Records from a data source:
____
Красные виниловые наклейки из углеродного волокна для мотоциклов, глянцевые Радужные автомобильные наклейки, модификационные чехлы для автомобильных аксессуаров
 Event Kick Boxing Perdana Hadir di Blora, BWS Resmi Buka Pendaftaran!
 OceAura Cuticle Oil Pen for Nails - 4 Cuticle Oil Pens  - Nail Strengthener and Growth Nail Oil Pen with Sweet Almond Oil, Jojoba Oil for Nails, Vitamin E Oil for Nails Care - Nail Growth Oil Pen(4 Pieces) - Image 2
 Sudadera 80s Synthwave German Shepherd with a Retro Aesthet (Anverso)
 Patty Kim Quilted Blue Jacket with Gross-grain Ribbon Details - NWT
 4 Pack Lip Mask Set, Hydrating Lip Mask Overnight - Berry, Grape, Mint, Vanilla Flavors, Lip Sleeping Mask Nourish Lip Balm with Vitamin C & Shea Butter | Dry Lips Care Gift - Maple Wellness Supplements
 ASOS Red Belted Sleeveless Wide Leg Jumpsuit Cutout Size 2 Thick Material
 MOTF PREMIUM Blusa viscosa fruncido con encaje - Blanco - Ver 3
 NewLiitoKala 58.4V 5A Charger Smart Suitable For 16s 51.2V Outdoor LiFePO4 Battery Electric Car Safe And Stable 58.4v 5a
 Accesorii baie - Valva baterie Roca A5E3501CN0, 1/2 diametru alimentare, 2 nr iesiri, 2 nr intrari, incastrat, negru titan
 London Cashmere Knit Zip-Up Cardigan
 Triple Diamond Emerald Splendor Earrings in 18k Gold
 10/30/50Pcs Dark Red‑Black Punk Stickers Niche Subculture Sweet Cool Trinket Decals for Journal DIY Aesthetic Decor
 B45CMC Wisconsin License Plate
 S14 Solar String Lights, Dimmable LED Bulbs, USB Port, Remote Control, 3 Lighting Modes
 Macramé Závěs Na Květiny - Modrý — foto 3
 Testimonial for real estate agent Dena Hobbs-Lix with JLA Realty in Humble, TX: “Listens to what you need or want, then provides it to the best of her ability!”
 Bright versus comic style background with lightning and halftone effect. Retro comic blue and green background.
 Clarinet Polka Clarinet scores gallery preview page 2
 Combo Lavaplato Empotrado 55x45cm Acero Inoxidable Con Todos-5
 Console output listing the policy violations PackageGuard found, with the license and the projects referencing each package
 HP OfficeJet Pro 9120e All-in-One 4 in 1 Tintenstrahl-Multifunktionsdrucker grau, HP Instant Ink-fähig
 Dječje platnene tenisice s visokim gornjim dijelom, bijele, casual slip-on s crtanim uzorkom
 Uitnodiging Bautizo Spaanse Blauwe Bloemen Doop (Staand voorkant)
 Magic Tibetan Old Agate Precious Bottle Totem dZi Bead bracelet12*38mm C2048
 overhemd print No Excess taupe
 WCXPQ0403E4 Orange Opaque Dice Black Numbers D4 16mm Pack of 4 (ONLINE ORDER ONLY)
____
== How to complete this task ==
Wherever a line in the entries above holds "Retro", copy that line.

== Expected output ==
 Sudadera 80s Synthwave German Shepherd with a Retro Aesthet (Anverso)
 Bright versus comic style background with lightning and halftone effect. Retro comic blue and green background.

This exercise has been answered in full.